Par ailleurs, je me dois de témoigner de la recherche d’authenticité d’ami(e)s et enfants sur le parvis, en rupture avec l’Église institution, alors qu’ils adhérent aux « valeurs » des évangiles ; c’est pour moi une souffrance et un gaspillage qui ne peut être accepté.
En un mot Saint-Merry ne nous a pas appris à clamer la Vérité et à s’y soumettre mais à décrypter ce à quoi aujourd’hui la Parole du Christ nous appelle (Lui seul est chemin et Vérité à découvrir ensemble). Manifestement aussi à plus d’humanité, notamment dans la ligne du pape François.

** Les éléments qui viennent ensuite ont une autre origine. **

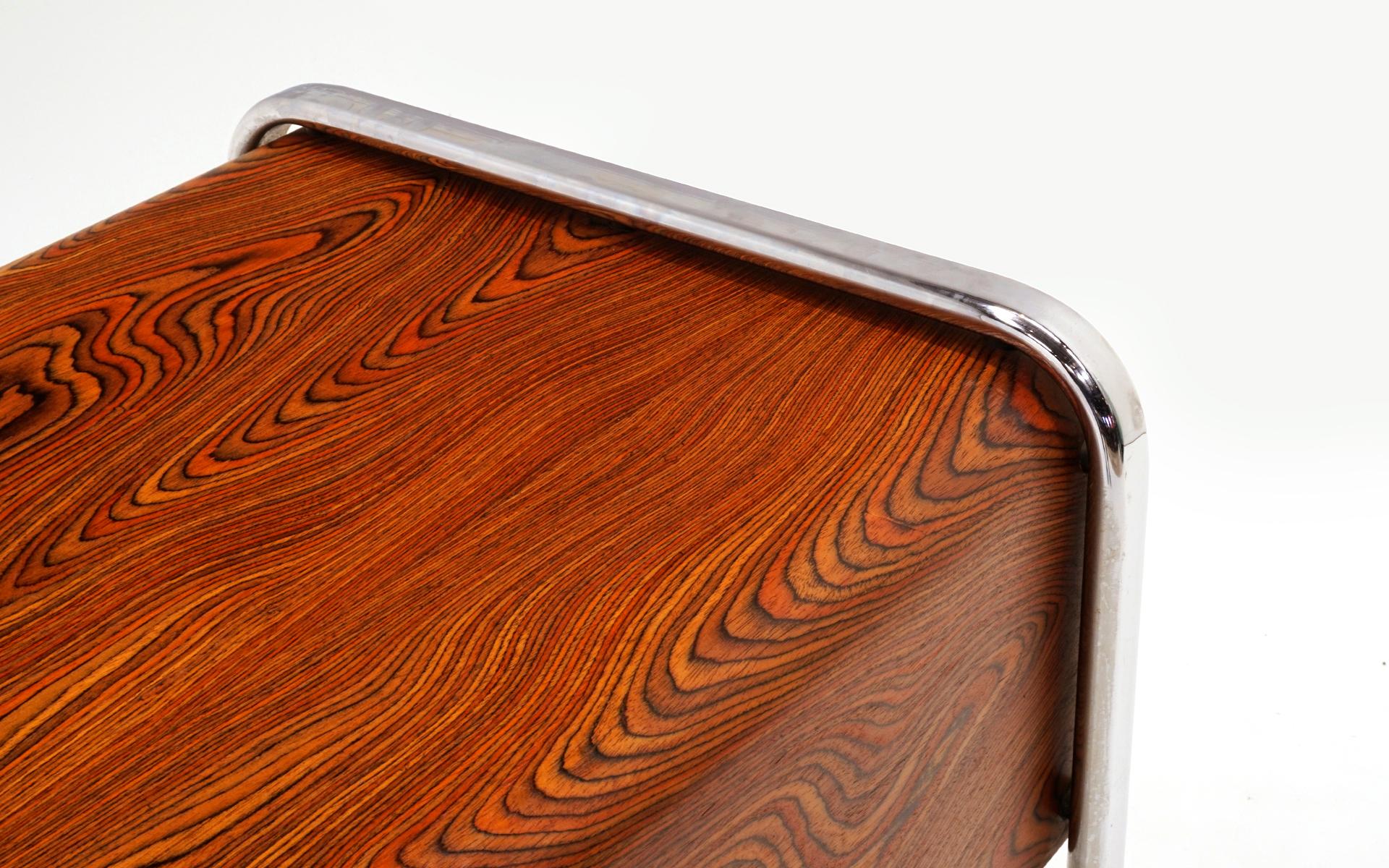 Zebra Wood Desk by Peter Protzman for Herman Miller, Excellent Example 3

C’est à partir de ce socle que nous célébrons ensemble l’eucharistie, différents mais réunis en Christ. Ce qui nous conduit inévitablement à trouver les mots d’aujourd’hui pour célébrer, en puisant bien sûr dans ce que nos « anciens » dans la foi nous ont transmis de plus essentiel.

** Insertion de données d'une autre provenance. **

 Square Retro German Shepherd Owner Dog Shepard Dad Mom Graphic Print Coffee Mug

Saint-Merry, c’est aussi pour moi, et certains d’entre nous, l’expérience de la coresponsabilité, un chemin peu facile, qui écarte ou atténue les égos en recherche de pouvoir (plus ou moins consciemment). Ne soyons pas naïfs, nous avons connu et connaitrons encore ces conflits d’abord fondés sur nos égos. Mais là n’est pas l’essentiel. Être capable de murir en commun réflexions et décisions est précieux dans notre société très focalisée sur l’accomplissement individuel, oubliant trop souvent ses responsabilités vis-à-vis des autres humains. Le CPHB nous le rappelle et nous donne la possibilité de nous y employer dans les nombreux groupes « caritatifs » en place, dans la conduite d’actions communes dont la préparation des célébrations.
André Letowski
Ayant eu l’occasion de jouer plusieurs fois à Saint-Merry, la dernière fois c’était “Ce que Dieu entend” d’après les textes de Christian de Chergé avec Nazim B., pensionnaire de la Comédie Française devant un parterre comble. Ce serait plus que dommage d’arrêter ce courant culturel, artistique et spirituel dans Paris.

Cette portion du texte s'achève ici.